With Juno, Celgene will gain research into a novel class of therapies known as CAR-T that use the body’s own immune system to fight cancer. The Summit, New Jersey-based company will pay $87 a share in cash, according to a statement Monday. That’s 91 percent above Juno’s closing price Jan. 16, the last trading day before The Wall Street Journal reported the companies were in talks.

Juno’s Seattle offices will remain at its new South Lake Union headquarters and in its Bothell development plant, where it has a combined 650 employees. The company, whose technology was spun off from the Fred Hutchinson Cancer Research Center, has 736 employees in all.

A company spokesman said Juno’s hiring plans remain unchanged, and the company expects the number of employees in Seattle will “grow significantly.”

The company did not comment specifically on whether any layoffs would come as a result of the acquisition.

Before the takeover, Celgene and Juno already had ties. The two firms first struck a partnership in 2015 to research cancer treatments, and Celgene was Juno’s largest shareholder, with a stake of about 10 percent.

CAR-Ts are bespoke treatments that re-engineer the body’s own immune-system cells to make them attack cancers, and, so far, they have shown the biggest promise in blood cancers, a disease area in which Celgene specializes.

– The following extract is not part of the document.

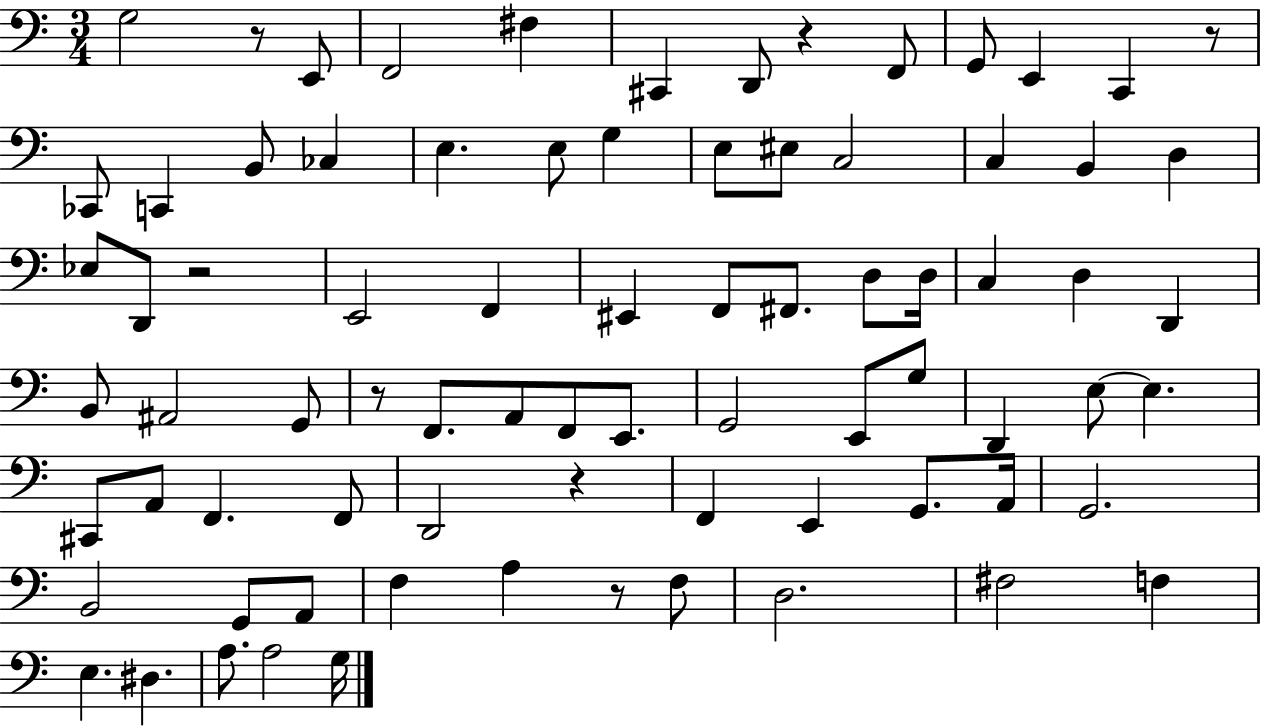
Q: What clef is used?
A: bass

The Juno deal gives Celgene an entry in a breakthrough field. The first CAR-T to win approval from U.S. regulators was a Novartis treatment, last August, followed in October by Yescarta, a product Gilead Sciences had just bought as part of its $12 billion acquisition of Kite Pharma.

Juno is among the furthest along in the development of treatments in the CAR-T field, according to Brad Loncar, an investor who founded an exchange-traded fund that tracks such therapies.

“Other than Kite, which is already spoken for, and Novartis, which is obviously a huge pharmaceutical company, there’s really no asset like Juno,” he said in an interview on Jan. 17. “This is going to be a trend that could majorly disrupt cancer treatment over a decade and this is just the very beginning of that.”

Celgene is doubling down on cancer drugs after suffering a major setback last year that sent its market value tumbling. The company’s top-selling blood-cancer drug, Revlimid, is expected to face competition in about four years, and the failure of a high-profile experimental candidate for Crohn’s disease in a late-stage trial in October heightened the pressure to find new drivers for long-term growth.

The value of the deal is net of cash and marketable securities held by Juno, and of Juno shares already owned by Celgene. The transaction was approved by the boards of directors of both companies.

The purchase of Juno, shortly after Celgene agreed to buy Impact Biomedicines for at least $1.1 billion, is part of Celgene’s plan to help offset lost revenue from Revlimid once copycat drugs are on the market.

Juno stock surged $18.19, or 26.8 prcent, to $86 Monday. Celgene’s stock edged up 26 cents, or 0.3 percent, to $102.91.